だけど当日、学校でお腹が痛くなってしまい、放課後まで保健室で休ませてもらってから担任の先生が家まで送ってくれることになった。
もし一人で帰宅していたら・・・
家に着いて、「まだ寝ていた方がいい」と先生に言われ、布団を出すのを先生が手伝ってくれると言うので、姉と私の部屋に行って押入れを開けた。
すると、見知らぬおじさんと目が合った。
先生と私は一瞬目が点になった後、叫び声を上げて部屋から逃げ出した。
おじさんもビックリして窓から逃げて行った。
逃げた後には包丁とロープのようなもの、おじさんの靴が残っていた。
先生が警察に通報して、母と姉が帰って来るまで一緒にいてくれて事情を説明してくれた。
後日、おじさんは警察に捕まった。
3軒隣の40代の男で、今でいう”引きこもり”だったらしい。
おじさんの部屋からは、小学生女児と思われる写真や盗聴器なんかが見つかったと聞いた。

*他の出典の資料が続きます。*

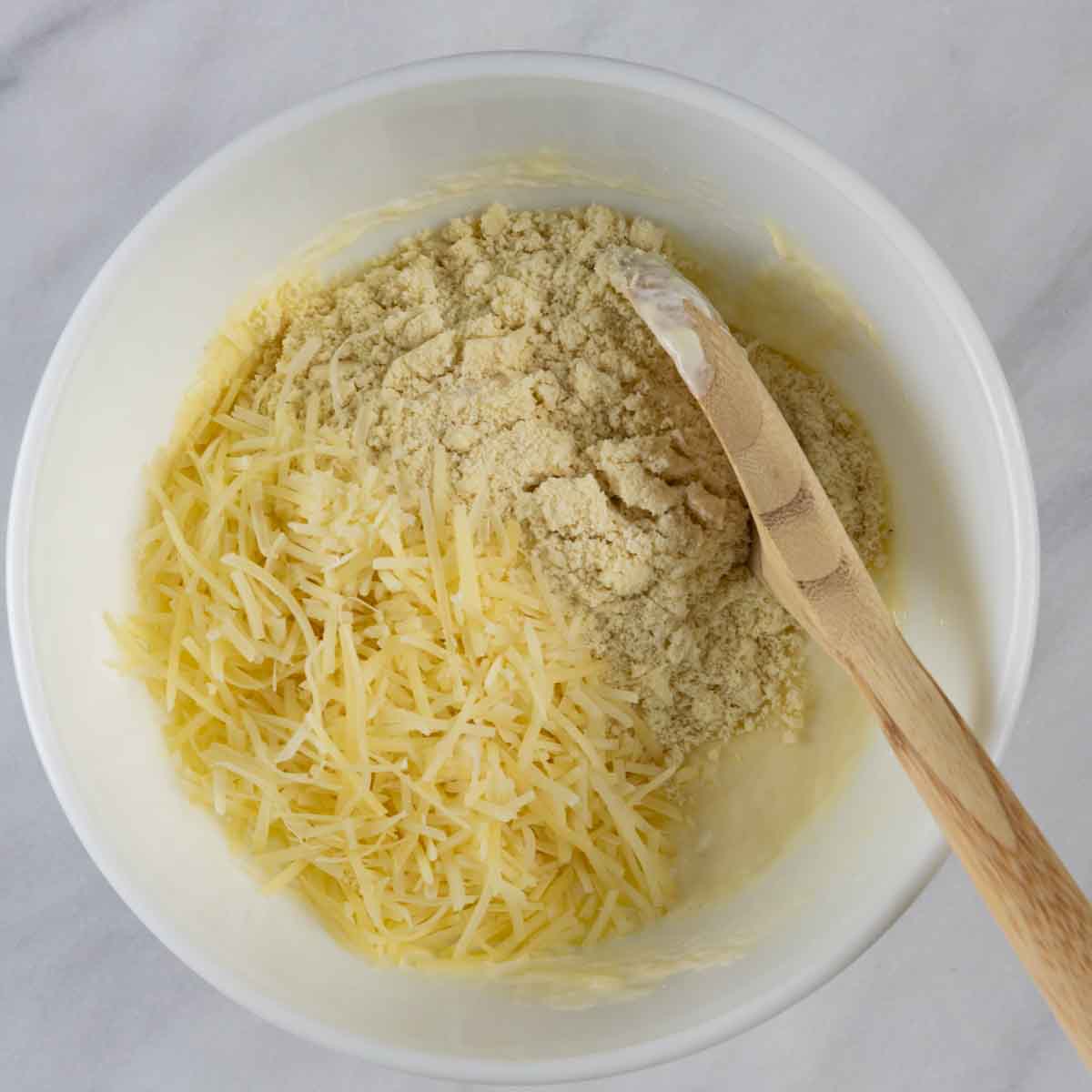 Dry ingredients, parmesan cheese in mixing bowl for qull-apart rolls.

盗聴器は、近所くらいの距離ならコードレスホンの電波を拾える物だったらしい。
留守番するはずだった前日、母が電話でお向かいのおばちゃんに「私が一人で留守番する」という話をしているのを聞いて、イタズラ目的で窓の鍵を壊して入り、押入れに潜んでいたらしい。
あの日、具合が悪くならなくて一人で帰宅していたら・・・と思うと、今でも怖い。